Raisin Bombers () was the colloquial name given by Berliners to the Western Allied (American and British) transport aircraft which brought in supplies by airlift to West Berlin during the Soviet Berlin Blockade in 1948/1949.  In American English they were called Candy Bombers.

History

The name came from the fact that some pilots started voluntarily to throw sweets and candy (and, presumably, also raisins) on little tinkered parachutes out of the window to children lined up on the edges of the West Berlin airfields watching the planes. These actions were first attributed to American pilot Gail Halvorsen, nicknamed "Uncle Wiggly Wings", who began to drop chocolate bars he had attached handkerchiefs to while approaching Tempelhof Airport. Upon comprehensive coverage in the media, drops were ordered expanded by Lt. General William H. Tunner as "Operation Little Vittles".

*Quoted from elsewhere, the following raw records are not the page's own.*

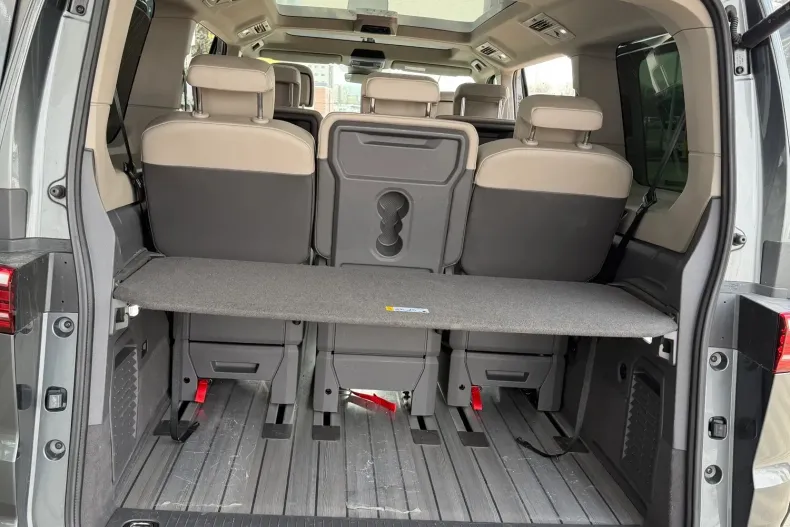 Volkswagen Multivan din 2025 cu 15.564 km - oferta VOL208792 - foto 6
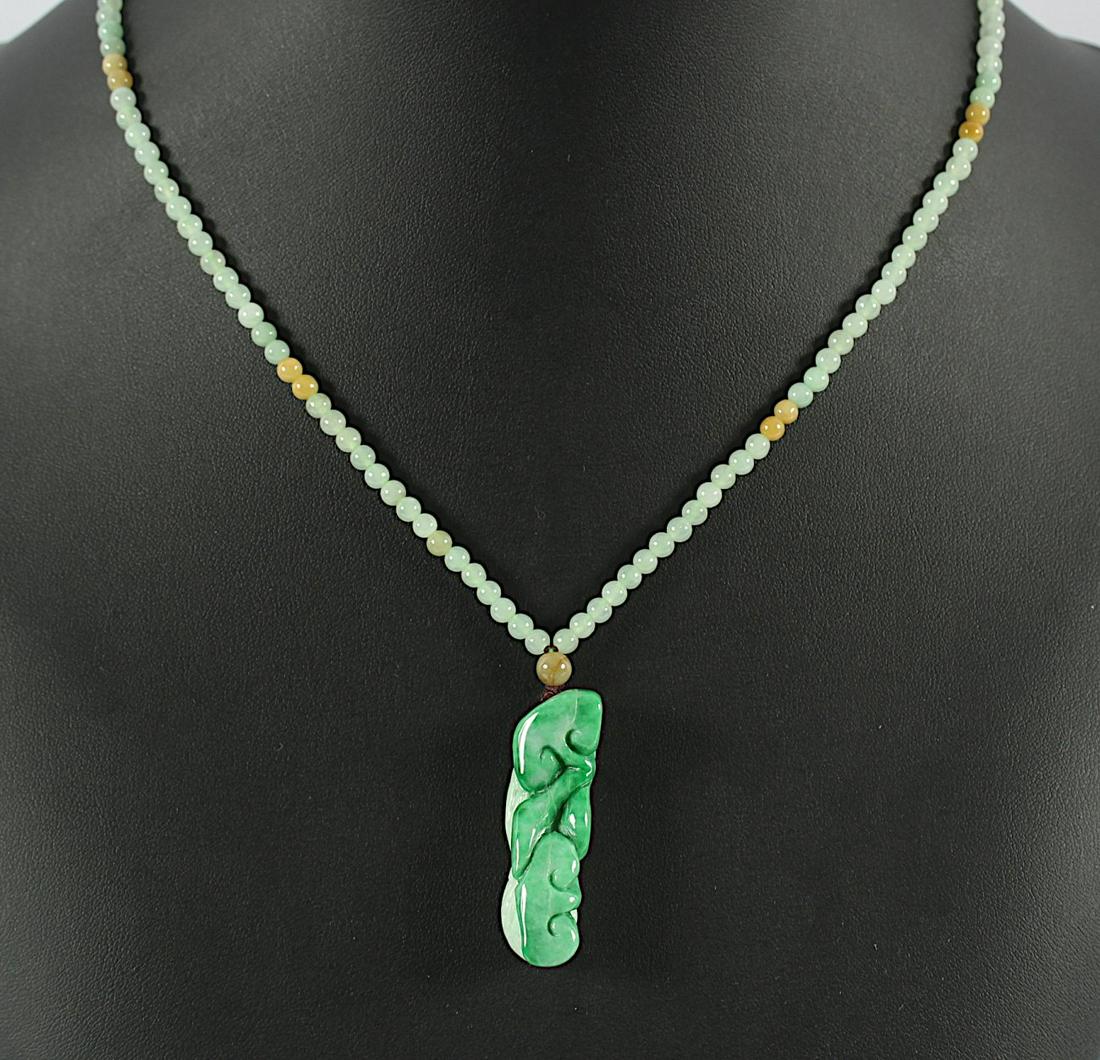 JADEANHÄNGER MIT KETTE, L des Anhängers 4,5, L der (1 of 2)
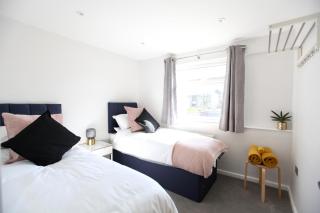 Stylish Cambridge City Pad - 3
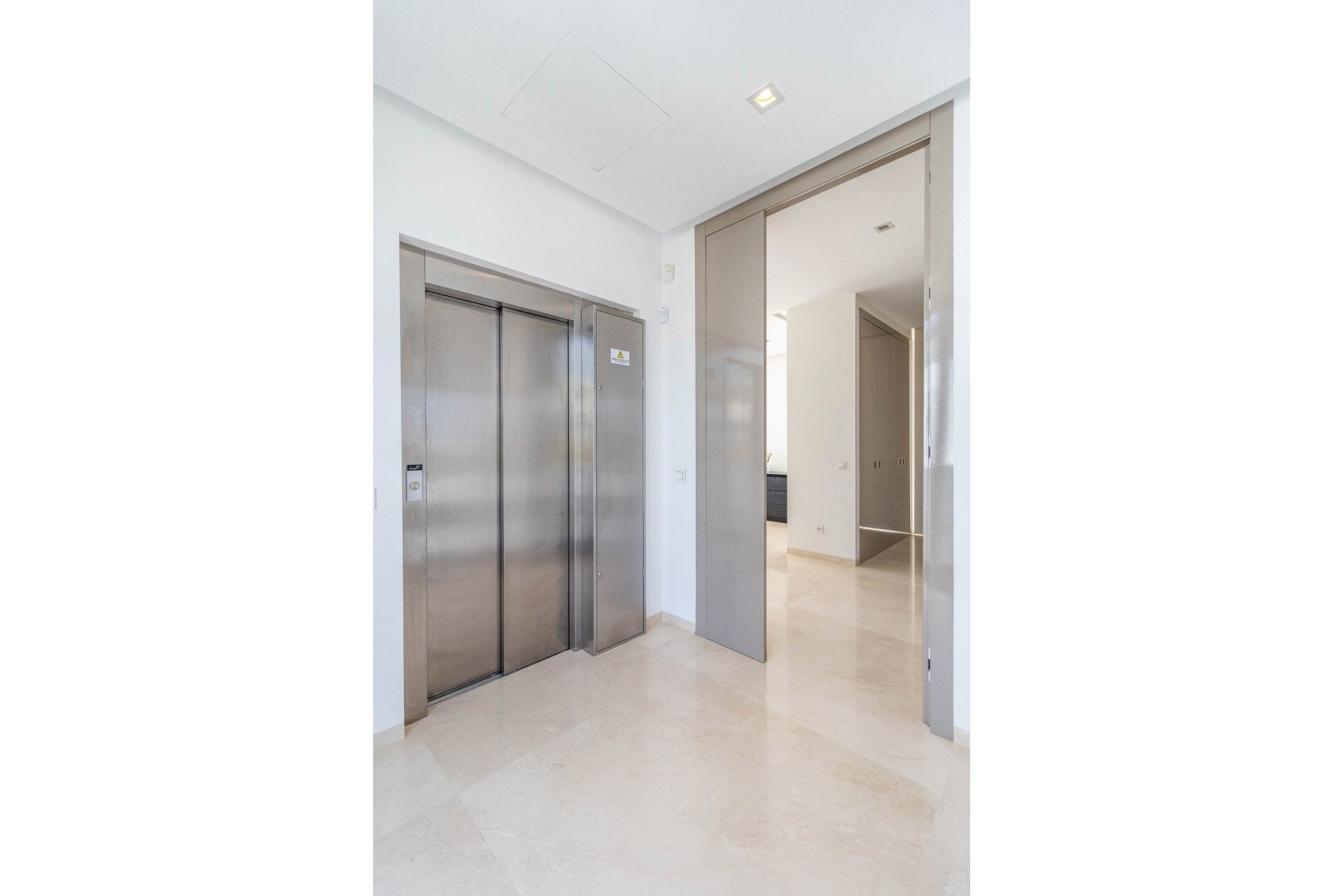Resale - Villa - Benahavís - Benahavís Centro
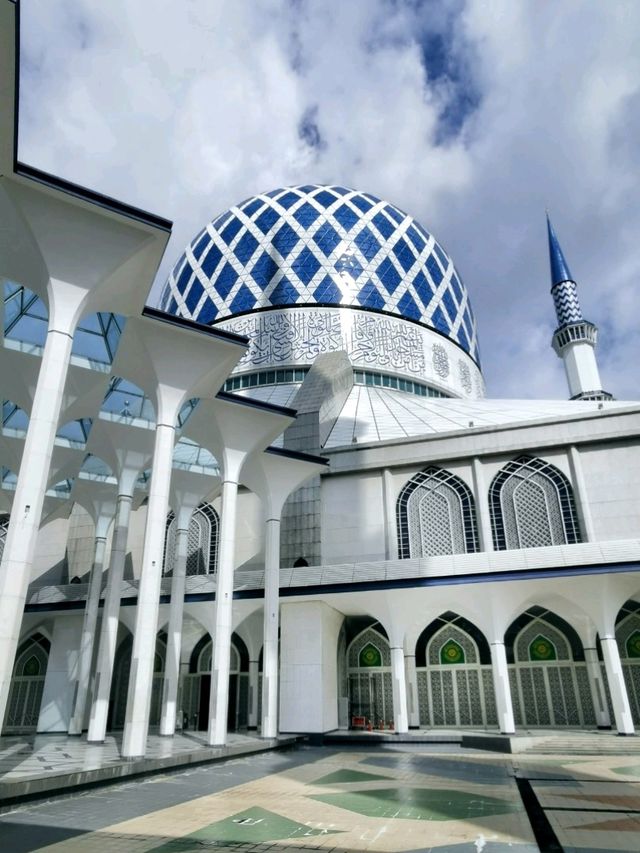 The unique architerure design of the Blue Mosque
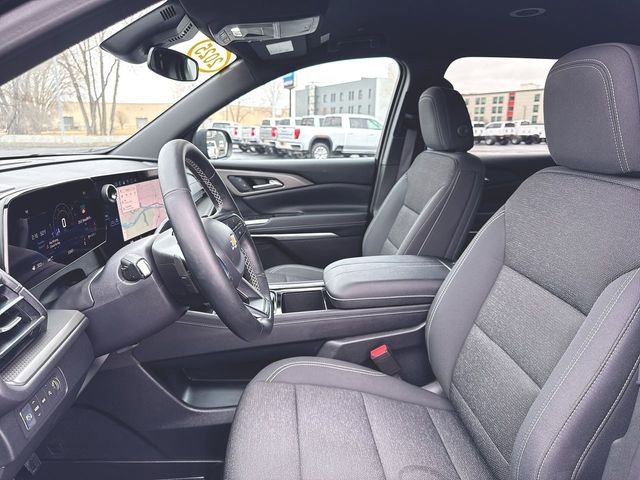 Certified 2025 Chevrolet Traverse LT w/ Driver Confidence Package image 19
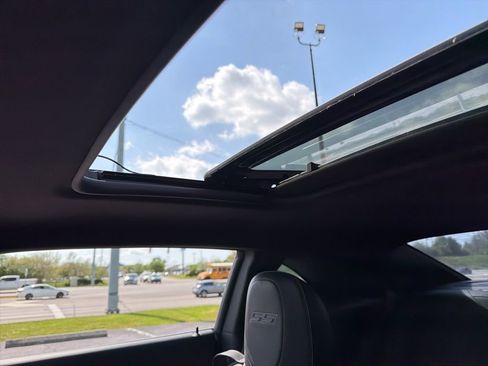 Used 2010 Chevrolet Camaro SS w/ RS Package image 8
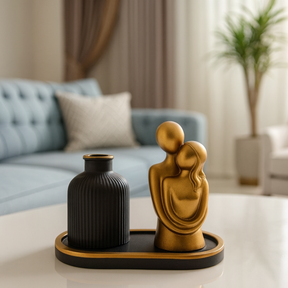 Trio Decorativo com Escultura Dourada Vaso Moderno e Bandeja
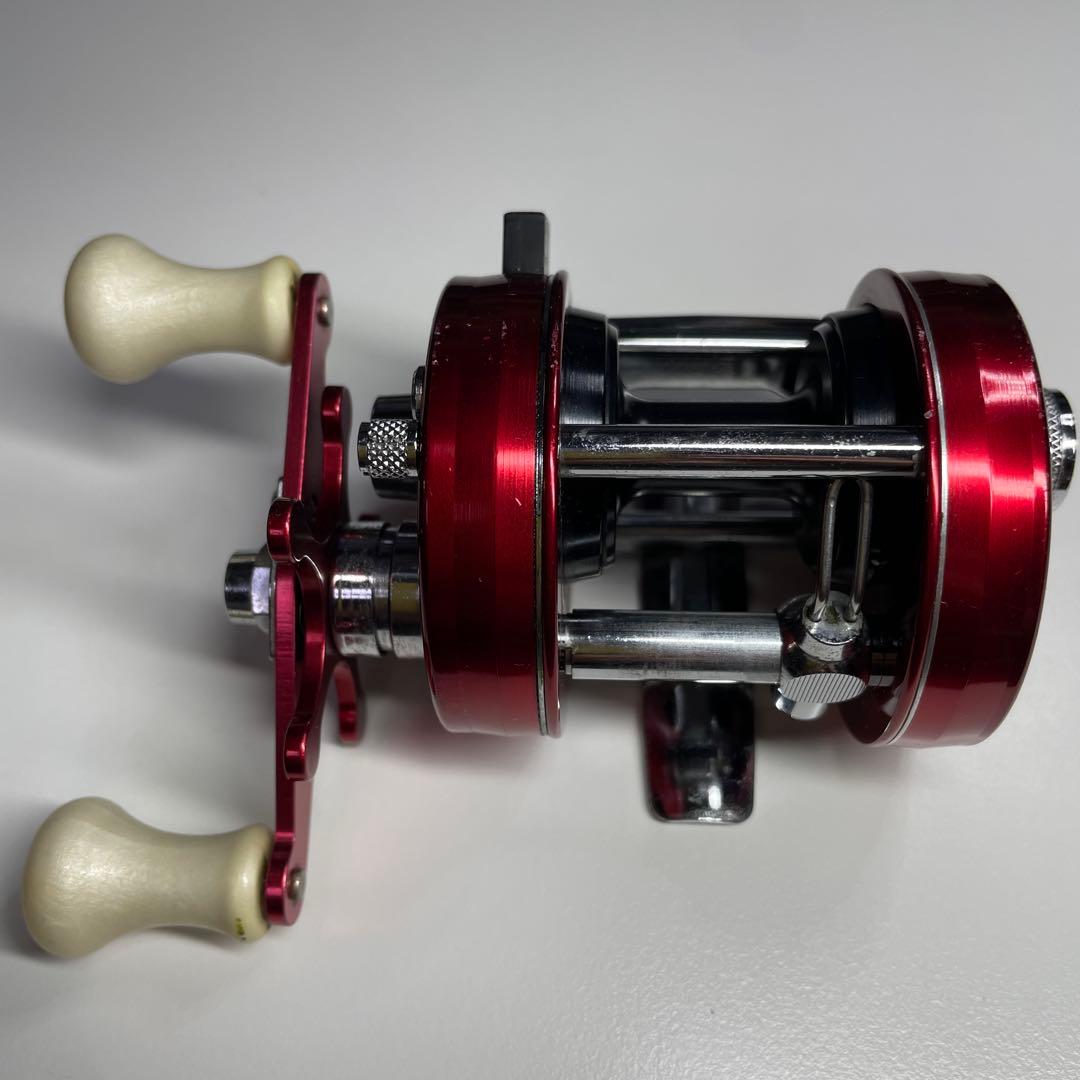 ABU 2500C 赤 アブ アンバサダー レッド 070007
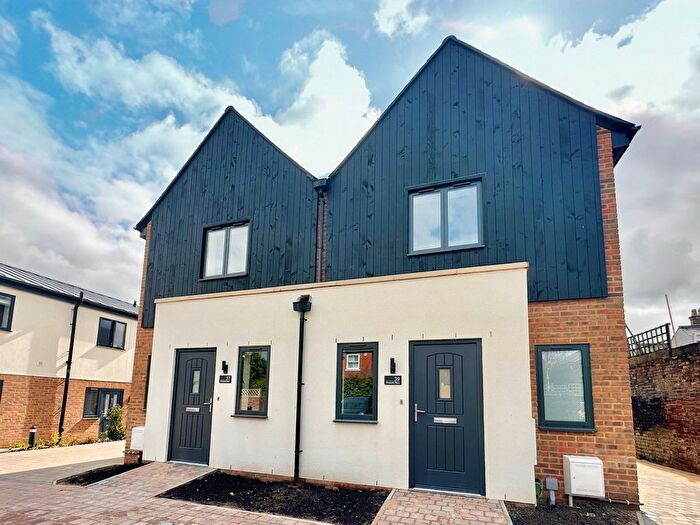 2 Bedroom Semi-Detached House To Rent In Denmark Place, Tring, HP23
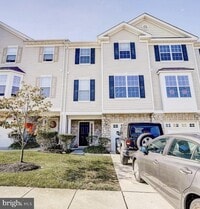 Building Photo - 121 Acorn Dr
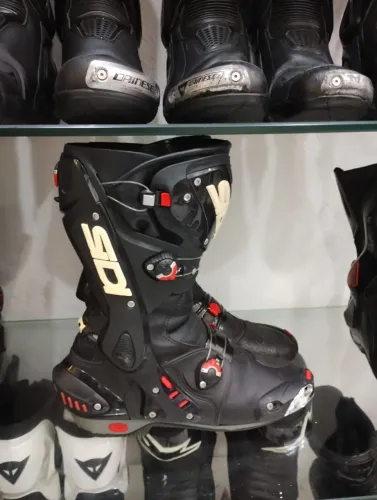 Bota Sidi Vertigo Corsa Air  43 ou 44  Br 46 Eur 11.5 usa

As this gesture became well known, it enjoyed considerable support with the US public. Halvorsen and his comrades received large support in form of more and more donations of candy from the confectionery industry while civilian volunteers made the parachutes for the delivery. These actions contributed to the development of post war German-American relations.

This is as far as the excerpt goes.